И очень точно, очень непостыдно
Восходит в небе первая звезда.
Моя надежда – только в отрицанье.
Как завтра я унижусь – непонятно.
. . . . . . . . . . . . . . . . . .
Я видел гордости уже немало,
Я самолюбием, как чёрт, кичился,
Падения боялся, рвал постромки,
Разбрасывал и предавал друзей,
И вдруг пришло спокойствие ночное,
Как в детстве, на болоте ярославском,
Когда кувшинки жёлтые кружились
И ведьмы стыли от ночной росы…
И ничего мне, собственно, не надо,
Лишь видеть, видеть, видеть, видеть,
И слышать, слышать, слышать, слышать,
И сознавать, что даст по шее дворник
И подмигнёт вечерняя звезда.
Опять приходит лёгкая свобода.
Горят коптилки в чужестранных окнах.
И если есть на свете справедливость,
То эта справедливость – только я.
1942–1943, Ташкент

Точнее о суде совести не скажешь.

Летом 1955 года датировано письмо Луговского Евгении Ласкиной из Сходни в Москву. Кто писал это нежное письмо – безжалостный обвинитель несчастных жертв, или сломленный окружающей холодностью поэт, или переживший многое на пути к своему нравственному возрождению немолодой человек, цепляющийся за спасительную память о маленькой женщине, одарившей его своей симпатией и дружбой?


«Дорогой дружок Дженни!

Очень обрадовался, когда услышал от тебя, что возвращение твоё будет в конце августа.
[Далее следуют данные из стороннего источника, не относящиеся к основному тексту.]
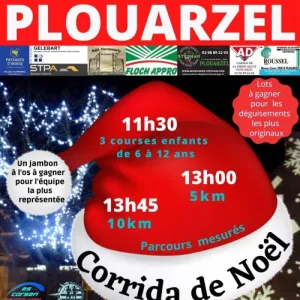 Corrida de Plouarzel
У меня сейчас слишком большое горе (речь идет о самоубийстве А. А. Фадеева. – Т. К.), чтоб я мог особенно связно писать. Александр Александрович был самым лучшим, благородным, преданным и обаятельным другом в моей жизни, и другого такого в системе нашей солнечной и галактической мне не отыскать. Ты хоть сама с ноготок, но очень мудрая и всё понимаешь. Потом, это ещё большое горе моего дома.

В общем, я брожу в центре русской природы и размышляю о жизни и смерти, о творчестве и об истории, а больше всего о том, как всё проходит мимо и исчезает. Работаю над гослитовским изданием. Вообразил, что ты, маленькая моя, пойдешь по горам и ущельям, и завидую тебе.

Ты такая родная и милая. Мы все испытали за 19 лет со времен желтого дрока – и горе, и радость, настоящие трагедии, встречи и разлуки, все виды жизненных перемен, а я всё так же рад слышать “хэллоу” по телефону, рад тому, что ты живешь на свете, рад тому, что я тебя верно люблю и что ты всегда останешься для меня дорогой и трогательно милой.

Вспоминаю всё, что связано с тобой, а это очень, очень много. И главное – не разбегаться в разные стороны, быть вместе на всю жизнь. Ты-то мне очень нужна. Это очень, очень по-хорошему. Ну, до свиданья, буду ждать. Да будет лёгок твой горный путь. Целуй Алексея. Тебя целую и обнимаю 1000 раз и остаюсь твоим верным трубадуром. Напиши чего-нибудь – две строки, сюда или на Лавруху (Лаврушинский переулок. – Т. К.) (кв. 98). Ещё раз нежно целую. Надо чаще, чаще видеться».